Further comprise at least one data server 714 being connected with the adjacent network 708, it can pass through gateway 707 access from telecommunication network 702.It is noted that data server 714 can include any kind of computer equipment/group Part.What is be connected with each data server 714 is multiple user equipmenies 716.These user equipmenies 716 can include desk-top calculate Machine, laptop computer, hand-held computer, printer or any other logical device.It is noted that in one embodiment In, user equipment 717 can also be directly connected in arbitrary network.
One facsimile machine 720 or a series of facsimile machines 720 may connect to one or more networks 704,706,708.
It is noted that database and/or add-on assemble can be with being connected to any type of of network 704,706,708 Network element is used together or integrated wherein.In the environment of this description, network element is preferably the random component of network.
According to one embodiment, Fig. 8 shows a representative hardware environment relevant with Fig. 7 user equipment 716.The figure The hardware configuration of a typical workstation is shown, with a central processing unit 810, such as one microprocessor, and it is multiple The other units being connected with each other by system bus 812.

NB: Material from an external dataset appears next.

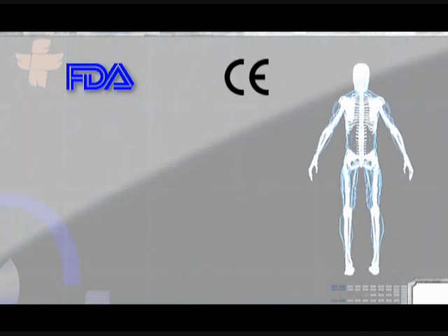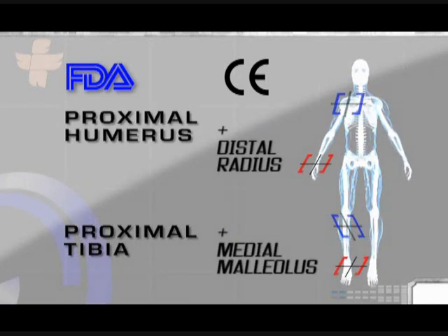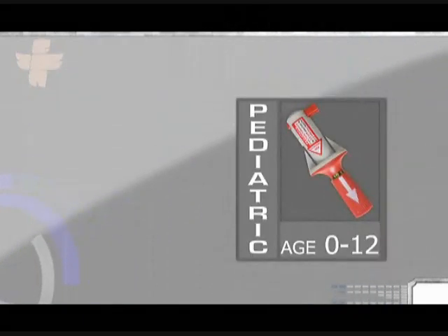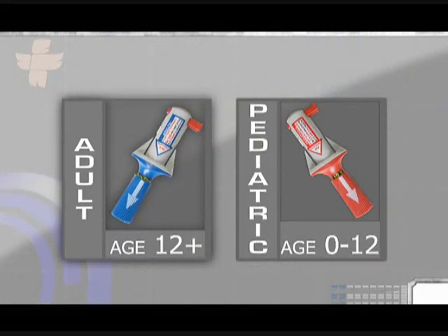The BIG is FDA approved for use in two major sites: the proximal tibia and the proximal humerus. The proximal humerus site can be used for adult patients only. Use the red pediatric BIG on term newborns to children 12 years of age. Use the blue adult BIG on patients 12 years of age and older. In both adults and pediatrics, the outset point is the tibial tuberosity.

Work station shown in Fig. 8 includes random access memory (RAM) 814, read-only storage (ROM) 816, I/O adaptations Device 818, for connecting ancillary equipment (disk storage unit 820 being such as connected with bus 812), user interface adapter 822 is used In by keyboard 824, mouse 826, loudspeaker 828, microphone 832, and/or other user interface facilities, such as touch-screen sum code-phase Machine (not shown), is connected to bus 812, communication adapter 834, for work station to be connected into (e.g., the data of communication network 835 Handle network), and display adapter 836, for bus 812 to be connected with display device 838.
Referring particularly to Fig. 9, it is shown that the device 414 of one embodiment of the invention.One embodiment of the present of invention includes using In the storage device 814 of storage flag data 416.Each mark data points 416 includes a mark, indicates the data point The training examples for the data point for being included into a specified classification, or the data point being excluded from a specified classification training Sample.Memory 814 also stores data untagged 418, priori probability data 420 and cost factor 422.

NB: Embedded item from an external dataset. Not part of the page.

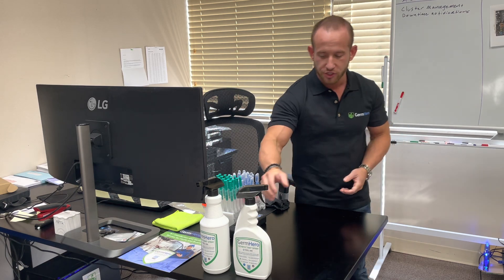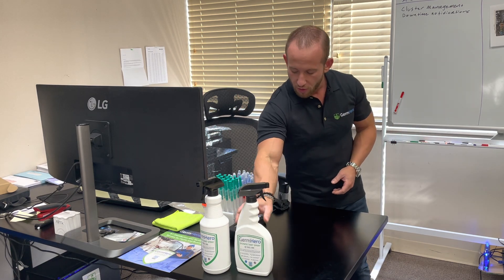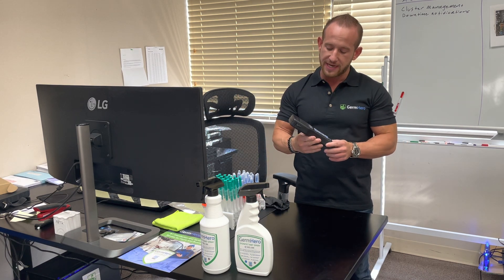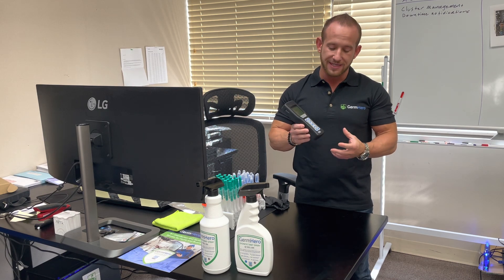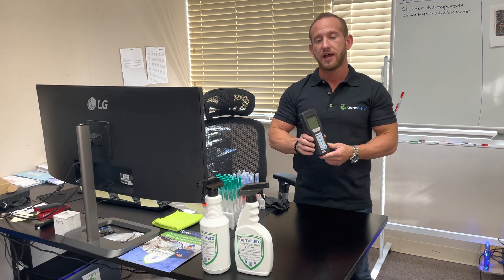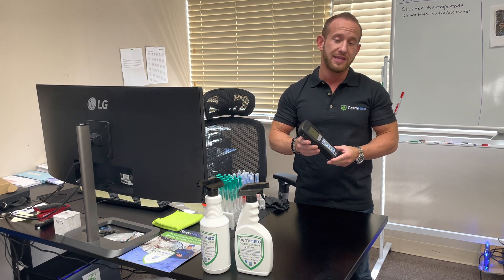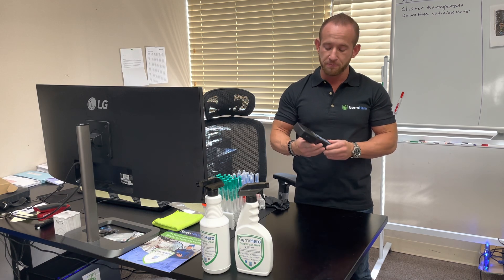What's up guys, Eric Jevaliuk here, co-founder of Germ Hero. Today we are in our Philadelphia office and we're going to be putting Germ Hero's HOCL 500 disinfectant spray to the test. We're going to use a device called a rapid microbial ATP meter, which measures the level of bacteria and live microbials on any given surface or liquid. This is a common device used in the sanitation industry to measure levels of sanitation and contamination.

Processor 810 accesses the data from memory 814, and calculates one binary classifier of training using transduction MED, Can be classified data untagged.By using cost factor and to have mark and data untagged training examples, place by oneself Manage device 810 to calculate using iteration transduction, and adjust the cost factor as a function for expecting mark value, so as to influence cost The data of factor data 422, the again data and then input processor 810.Therefore, cost factor 422 is with processor 810 MED classification iteration each time and change.Once processor 810 fully trained a MED grader, processor is with that It can instruct the grader that data untagged is referred into classified data 424.

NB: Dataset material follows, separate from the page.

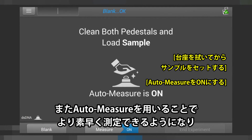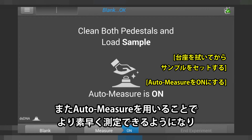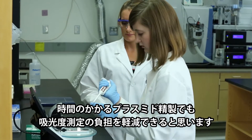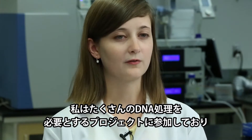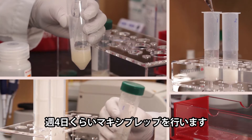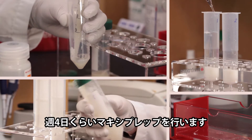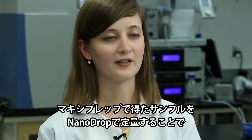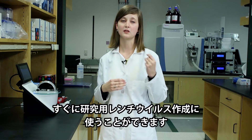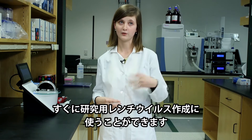I feel the auto measure makes sampling faster and easier, which can be helpful after doing a long plasmid purification. I'm working with an investigator on a project that involves lots of DNA work. We do maxi preps probably four days out of the week. The products of those maxi preps need to be nano dropped right after so we can use that to make lentivirus for our work.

Transduction SVM and the MED formula of prior art causes potentially to mark distribution to be exponentially increased, and approximation must be to reality Border application development.In another embodiment of the present invention, describe the formula of different transduction MED classification, without by The possible mark distribution of exponential increase, and allow the closed-form solution (closed form solution) of a routine.For line Property grader, problem is expressed as follows:Find hyperplane parameter distribution p (Θ), deviation profile p (b), data point categorised demarcation line p (γ), its probability distribution combined is compared to the respective prior distribution p combined0Ku Lebaike accumulations, which are minimized, with one strangles hair (Kullback Leibler divergence) KL is dissipated, i.e.,
It is limited by the following limitation for having a flag data
And it is limited by the limitation of following data untagged
Wherein Θ XtWeight vectors for the hyperplane of separation and the dot product between the characteristic vector of t-th of data point.Nothing The prior distribution that need to be marked.There is flag data to mark the right side for the hyperplane for being limited in separation according to known to it, and for Data untagged only requirement is that, they to hyperplane distance square be more than boundary.In a word, embodiments of the invention are looked for To the hyperplane of a separation, it is that separate has flag data, Yi Ji exactly closest to selected prior probability There is no a balance between data untagged between boundary.It the advantage is that, the prior distribution without introducing mark, thus, Avoid the problem of potential mark distribution index increases.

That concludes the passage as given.